Christophe Guilluy : On touche là au versant plus politique de mes travaux. Ce risque-là existe, me semble-t-il, pour toutes les catégories populaires. On assiste en effet depuis vingt ans à une désaffiliation des catégories modestes vis-à-vis de la politique qui se manifeste dans l’abstention ou le vote extrême. Cela se traduit en banlieue par un phénomène de repli communautaire, notamment autour de l’islam, et un vote extrême dans certains territoires périphériques. Ces catégories populaires n’entendent plus le monde « d’en haut », au sens large. Les médias, les politiques, les universitaires, ce monde-là perd de la valeur. C’est à mon sens une rupture historique, car une société qui fonctionne est une société ou le monde d’en haut parle au nom du bas et où le bas considère que le haut est honorable.
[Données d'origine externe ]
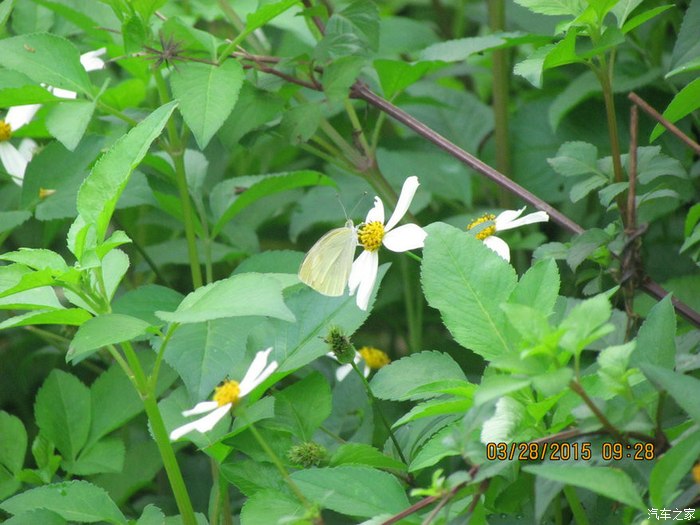 25,蝴蝶与"虾钳草"的花.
On arrive à un moment où cet ensemble là ne fait plus société. C’est là le véritable problème politique.

Une société qui fonctionne est une société ou le monde d’en haut parle au nom du bas et où le bas considère que le haut est honorable. On arrive à un moment où cet ensemble là ne fait plus société. C’est là le véritable problème politique.

Sur-Mesure : La classe politique dirigeante, notamment celle des trois derniers mandats, s’est positionnée par rapport à votre travail, reprenant parfois à son compte le concept de France périphérique. Qu’en est-il réellement advenu ?

Christophe Guilluy : Aujourd’hui 90% des gens qui pensent le territoire sont des libéraux qui défendent les logiques de marché, avec l’idée que ce modèle profitera in fine à tous. Cela renvoie à la « théorie du ruissellement » des métropoles vers les autres territoires, un renouvellement à mon sens du concept de « main invisible » d’Adam Smith. Sauf que lorsque l’on mesure ses effets depuis vingt ans, on se rend compte que ça ne fonctionne pas comme ça. A ce titre il y a un changement entre les Trente Glorieuses et aujourd’hui, car le système économique continue de créer de la richesse, mais moins de gens sont intégrés. C’est un effet malheureux de la mondialisation. Sauf qu’il existe encore peu d’idées partagées et de solutions convaincantes autour de ce problème du côté des décideurs.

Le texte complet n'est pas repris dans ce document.